The Republican-sponsored effort to replace the Affordable Care Act would reform the Medicaid program and substitute age-based tax credits with the income-based subsidies in the current law. It would keep the regulations that critics contend drive up the cost of health care but allow states to opt out of some of those rules if they can meet certain conditions.

Oskoui said those regulations will continue to raise the cost of health care, as predicted by the Congressional Budget Office — at least in the short run.

“The CBO is often off the mark but always in the same direction,” he said. “They underestimate costs, and they overestimate revenue.”

Oskoui said the bill needs to design a health system that fosters non-government, market-based reforms.
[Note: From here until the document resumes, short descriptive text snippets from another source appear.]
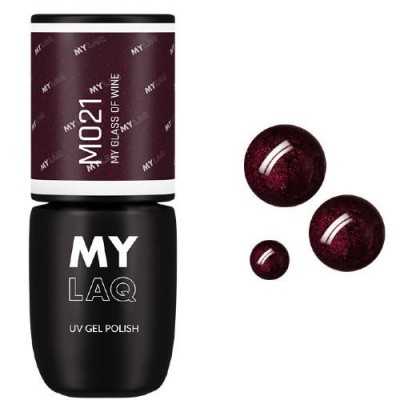 Miniaturka artykułu - MyLaQ Lakier Hybrydowy My Glass of wine M021, 5ml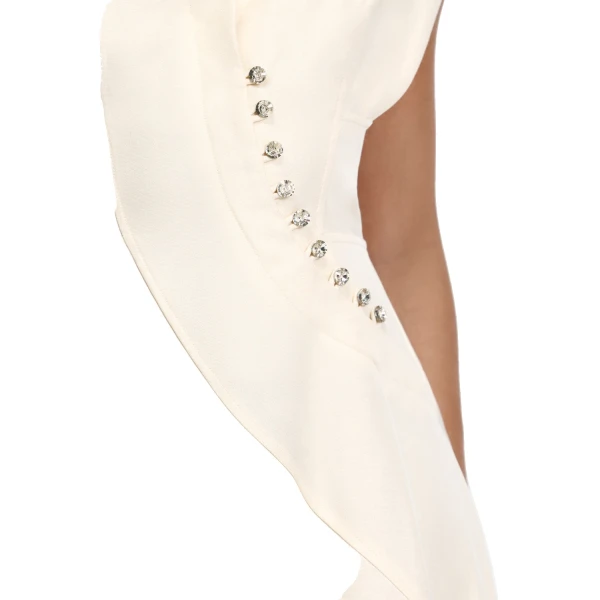 Acler Marney Maxi Dress in Buttercream, view 4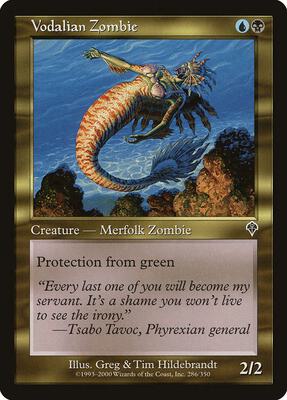Vodalian Zombie card from Invasion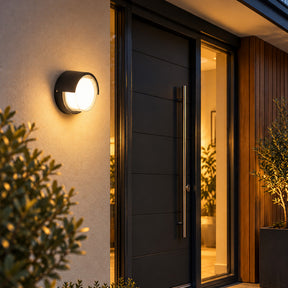 G.W.S. LED LED Wall Lights 12W Black Round LED Wall Light (WL-C-RD)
Reforms could include allowing more drugs to be sold over the counter and removing regulations from specialty hospitals, he said.

“We’ve got to tear down these regulations that really impede care being provided but, more important, cost us a tremendous amount of money,” he said. “We’ve fundamentally got to start treating health care [insurance] like auto care and use it only for catastrophic and extraordinary means.”

Oskoui said the bill does nothing to reform malpractice abuse, does not allow insurance policies to be sold across state lines, and does not address drug price inflation.

Oskoui rejected the contention of House Speaker Paul Ryan (R-Wis.) that the regulations cannot be included in this bill because the legislation must be tied to spending in order avoid the 60-vote hurdle in the Senate. He said Ryan never consulted the Senate parliamentarian, Elizabeth MacDonough, to determine how much wiggle room lawmakers had on that rule.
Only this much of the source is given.